Mountains of research confirm this communications shift brought on by the millennial generation. As more baby boomers retire in the years to come, the millennial generation will emerge as the predominant majority of workers, further influencing business environments. So, what kind of communication tools do millennials prefer? That is, what kinds of technologies should business owners be considering to keep up with this generation’s impending arrival and demands on business? To excel in the workplace, this generation prefers—even requires—digital, social and mobile solutions.
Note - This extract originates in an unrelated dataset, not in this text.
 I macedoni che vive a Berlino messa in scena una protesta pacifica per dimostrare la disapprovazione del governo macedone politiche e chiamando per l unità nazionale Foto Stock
In fact, between 91 to 100 percent of millennials surveyed by Pew Internet this year said they use their smart devices for texting, Internet browsing, email and voice and video calls. The expectation among millennials is that these kinds of tools and functionalities will be made available to them both on their personal devices as well as in the workplace. And this expectation is not out of selfishness or a refusal to adapt to older methods of working (characteristics unfairly applied to this generation). Consider, instead, that for many millennials, Internet connectivity and some form of mobility is a way of life.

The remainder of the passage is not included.